A psicologia sugere que, quando centramos a vingança no outro, embora ela possa oferecer uma satisfação momentânea, frequentemente perpetua o sofrimento e impede a verdadeira cura emocional. Francis Bacon descreveu-a como uma forma de “justiça selvagem” que, ao ser exercida, pode substituir a justiça formal e perpetuar ciclos de retaliação.

Assim, talvez a questão não seja se existe uma vingança “boa” ou “má” no amor, mas sim se ela serve para nos libertar ou para nos aprisionar ainda mais ás feridas antigas. A mim parece-me que transformar a dor em crescimento pessoal, é o unico tipo de “ vingança” libertadora.

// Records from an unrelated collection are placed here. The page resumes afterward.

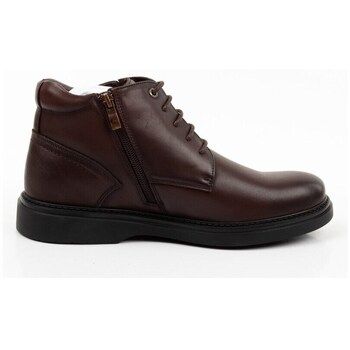 Lee Cooper Deportivas Moda LCJ26334671M para hombre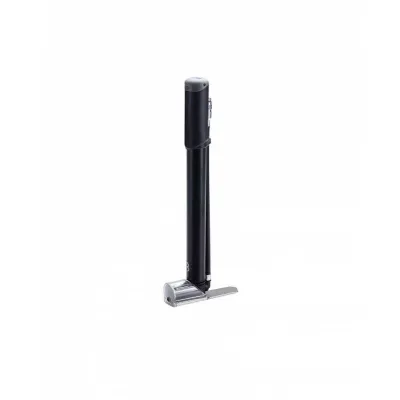 BBB BMP-53 TRAVELLER TELESCOPIC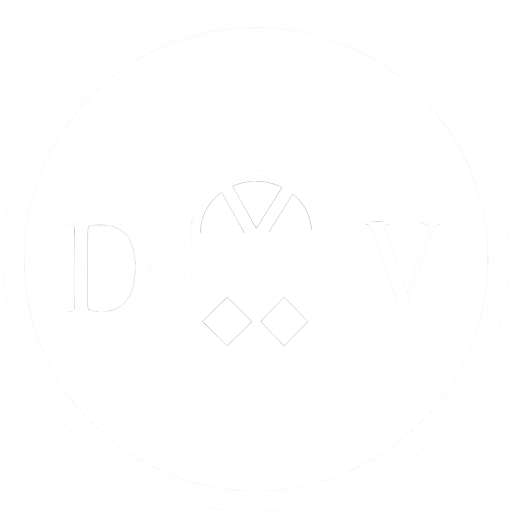 cropped logo dv 1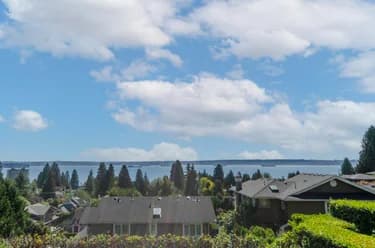 2522 Nelson Ave, West Vancouver, BC - MLS: R3140861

Vingança; vingança amorosa

 

Perceber que o erro do outro é do outro não é nosso e perdoar, sem permitir que a outra pessoa volte a ter poder sobre nós, pode ser o passo que melhor atende ao nosso auto-cuidado. Algo como:

“Lamento que isto tenha acontecido. Sei que não merecia e acredito que tenhas espaço para crescer no futuro. No hard feelings — desejo-te o melhor.”

Pode ser uma forma sexy de fechar a porta com firmeza, sem carregar o peso de um erro que não foi nosso.

É que admitindo que a vingança é uma linguagem — será que não conseguimos encontrar melhores formas de falar?